The frightening statistics
Evidence suggests that 85% of global fish stocks are under threat, and certain species have been fished to the point of extinction. For instance, there may be less than 100 cod over the age of 13 currently in the North Sea. This is particularly alarming in the developing world, where an estimated 20% of all animal protein intake is derived from fish sources. According to the UN, 30% of all fish stocks have already collapsed and by 2050 – we could be facing a future with fishless oceans! Despite the large scale starvation which would occur from this cataclysm, there would be severe economic ramifications too. In addition to the 35 million people fishing around the world, approximately 170 million jobs depend directly on the fishing sector.
Can fish stocks be replenished?
In short, the answer is yes – but will it be easy? Unfortunately not. In order to replenish the Earth’s fish stocks, there have been a multitude of ideas – some more feasible than others. One of the most unusual methods is known as a fish bomb (this is not to be confused with a fish blast, which is actually a method of using explosives to stun or kill fish). The method entails growing fresh, healthy fish and then dropping them out of an airplane over a lake, similar to the way a fighter plane would drop a bomb! While this might not be the longest term solution, it is certainly a sight to behold.
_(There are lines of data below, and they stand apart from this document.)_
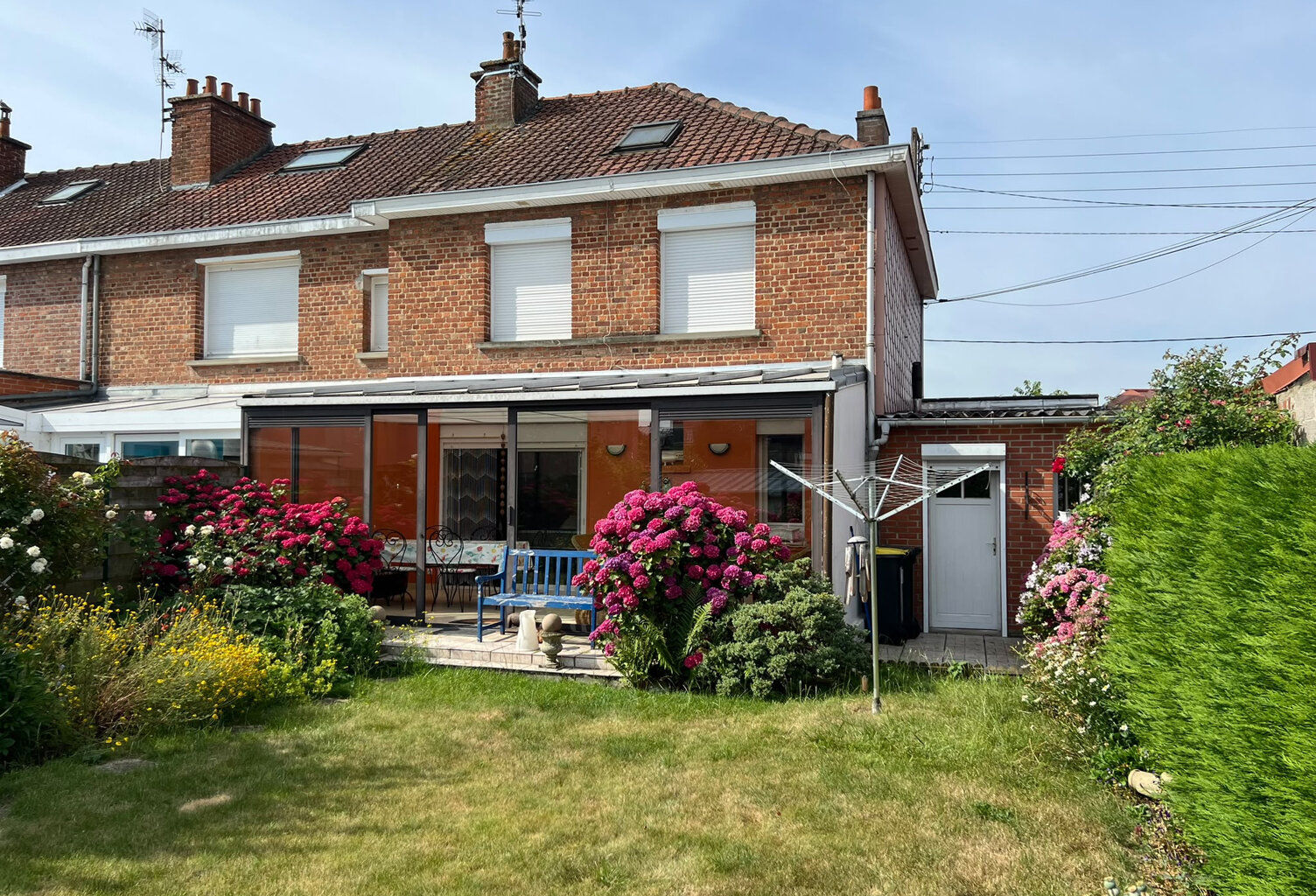 Maison 5 pièces BAILLEUL — photo 1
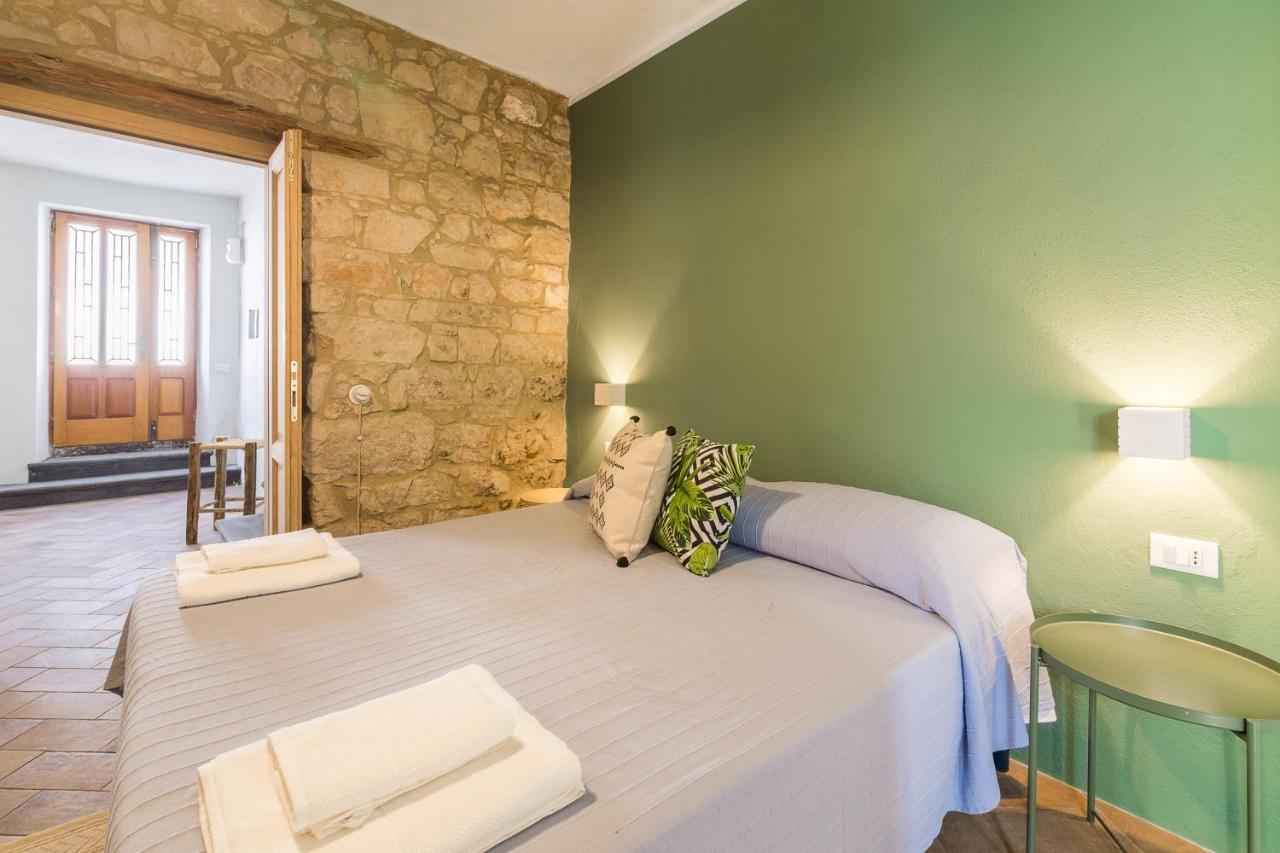 B&B Dommu Mia Baunei Kültér fotó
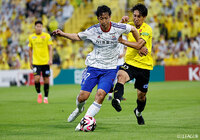 【明治安田J1 第33節 柏vs横浜FM】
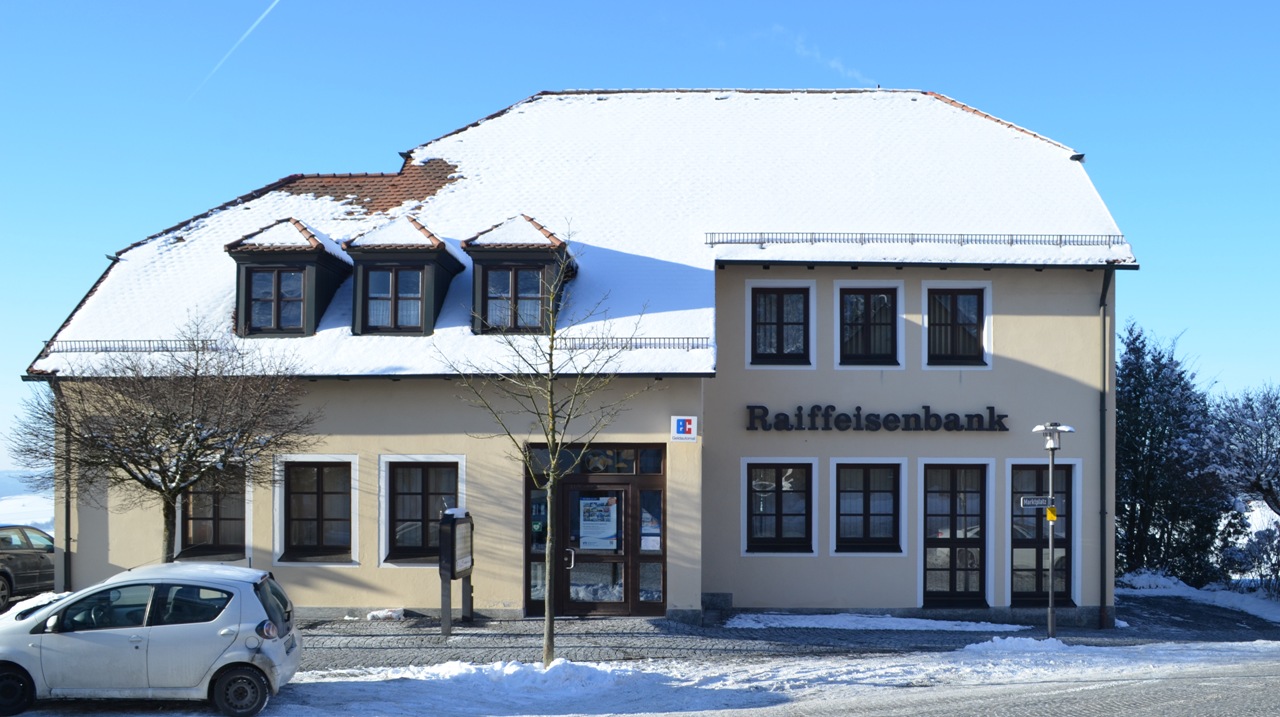 Raiffeisenbank Parkstein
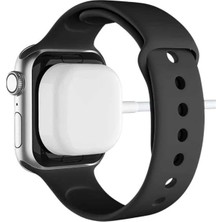 AyrStore Akıllı Saat Sesli Görüşme Bluetooth Bağlantılı Kablosuz Şarj Özelliği Yeni Nesil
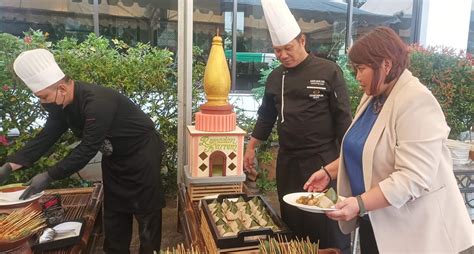 Hadirkan Konsep Street Food Grand Sahid Jaya Hadirkan Menu Makanan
For a sustainable future, certain legislative changes need to be implemented. For one, safe catch limits need to be enforced. This will deter overfishing if there is no short-term economic benefit for doing so. This must involve monitoring, and breaching the limits must be enforced with a penalty. In order for fish stocks to replenish, the economic incentive for overfishing must be thoroughly extinguished. Additionally, no-fishing zones need to be established so that the number of fish can recover. These zones can be rotated in order to keep fisheries in business but prevent them from doing more harm than good.
While industrial fish farming ensures that people stay fed – this is hideously toxic to the environment and is also ineffective. For instance, Scotland’s salmon farms produce nitrogen waste equal to a human population of more than nine million people, including fecal matter equivalent to a city the size of 65,000 people! This is extremely harmful to the environment and the other marine organisms living in close proximity to the farms.
Fortunately, research is being performed so that with any luck, we can bypass the problems of both industrial fish farming and fishing in the wild. The Velella Research Project aims to raise fish in mesh spheres which are attached to a tether vessel which moves throughout the ocean. The advantage of this is that waste will not accumulate in a single spot, and because the mesh is coated with agents to resist fouling, the chemicals used in traditional fish farms (which destroy the environment) are not required. If fish stocks are to truly expire by 2050, new technologies such as this cannot reach the market soon enough!